A viewing port may be a device in a wall of the fluid compartment, which comprises a window, through which a service technician may look inside the fluid compartment. The window may be impermeable to air and/or electric isolating fluid. However, the window may be permeable for at least visible light.

According to an embodiment of the invention, the light sensitive marker is attached outside of the fluid compartment. For example, the light sensitive marker may be attached outside of a window and/or glass pane. The window and/or glass pane may be positioned so that light generated by an internal arc may fall through the window and/or glass pane onto the light sensitive marker.

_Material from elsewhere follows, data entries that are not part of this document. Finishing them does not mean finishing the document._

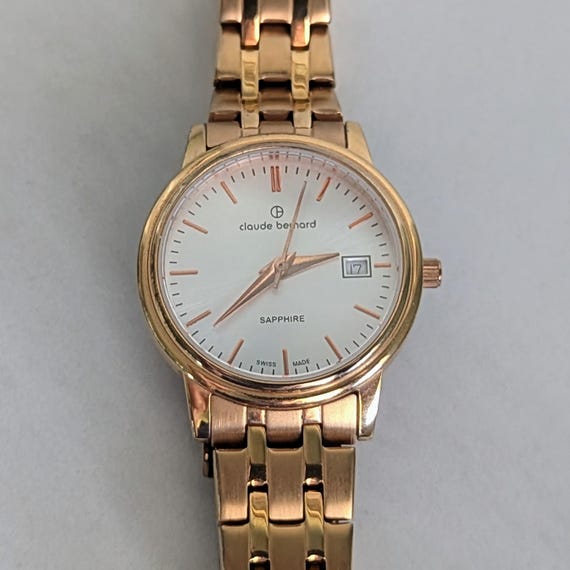 R7-3194 Claude Bernard 71091 クォーツゴールド腕時計 R7-3194 Claude Bernard 71091 クォーツゴールド腕時計 - メルカリ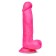 LIKETRUE Slidy Dildo realistico a doppio strato retrattile e regolabile da 8"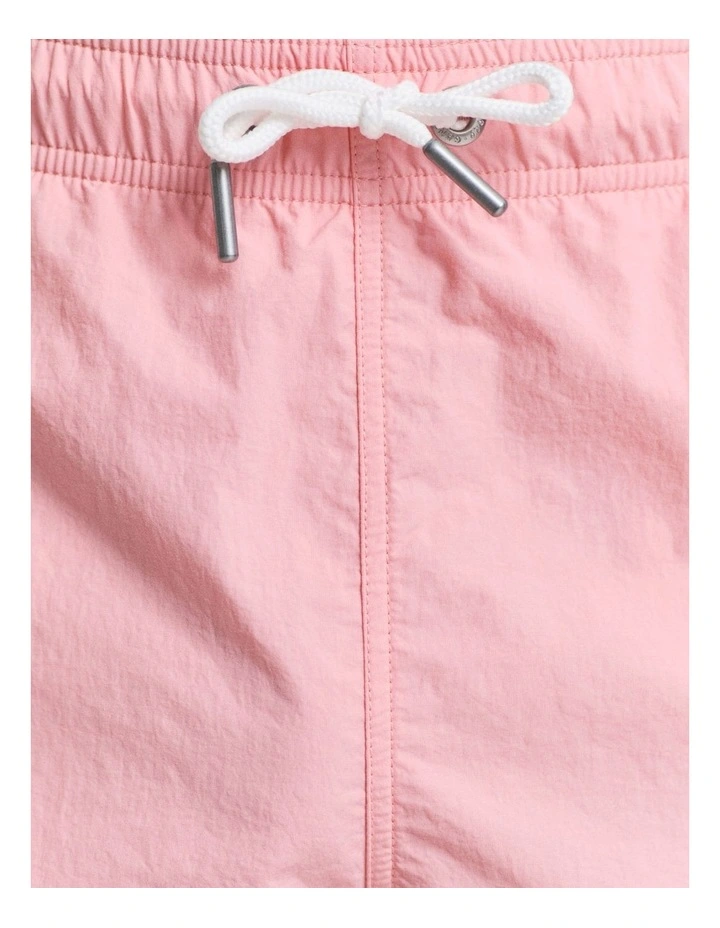 Swim Shorts in Geranium Pink image 4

According to an embodiment of the invention, the light sensitive marker is incorporated into a viewing port. A viewing port may comprise a window for looking into the fluid compartment, which window is integrated into a wall of the fluid compartment. Furthermore, a viewing port may comprise a cover for covering the viewing port when it is not used. The cover may protect the window of the viewing port and/or may prevent ambient light from falling into the fluid compartment.

The light sensitive marker may be attached to the inside of the window, the outside of the window and/or to the inside of the cover. A viewing port cover may be removed so that the light sensitive marker can be checked for exposure to light, for example after a detection of an internal arc fault somewhere in the switchgear and/or devices connected thereto. When the light sensitive marker is incorporated into a viewing port, the light sensitive marker may only be exposed in the long term to light from inside the fluid compartment and not to ambient light. Ambient light may also contain a small amount of light that may lead to a change in the color of the light sensitive marker, for example over years or decades of exposure.

According to an embodiment of the invention, the light sensitive marker is attached to an inside of a viewing port cover of a viewing port. For example, an inner wall of the cover may be provided with a sensitive foil strip and/or with a sensitive paint.

According to an embodiment of the invention, the light sensitive marker is attached to a glass pane of the viewing port. The glass pane may provide a window of the viewing port. The light sensitive marker may be attached inside or outside to the glass pane, for example in the form of a sensitive paint and/or foil strip.

According to an embodiment of the invention, the light sensitive marker is attached to a density sensor penetrating into the fluid compartment, when mounted to a sensor mounting integrated into the fluid compartment. For example, the light sensitive marker is attached to a tip of the density sensor.

It also may be that the end and/or tip of the density sensor is provided with a sensitive foil strip and/or sensitive paint. The end and/or tip of the sensor may have to be exposed to the insulating fluid and therefore to light generated inside the fluid compartment.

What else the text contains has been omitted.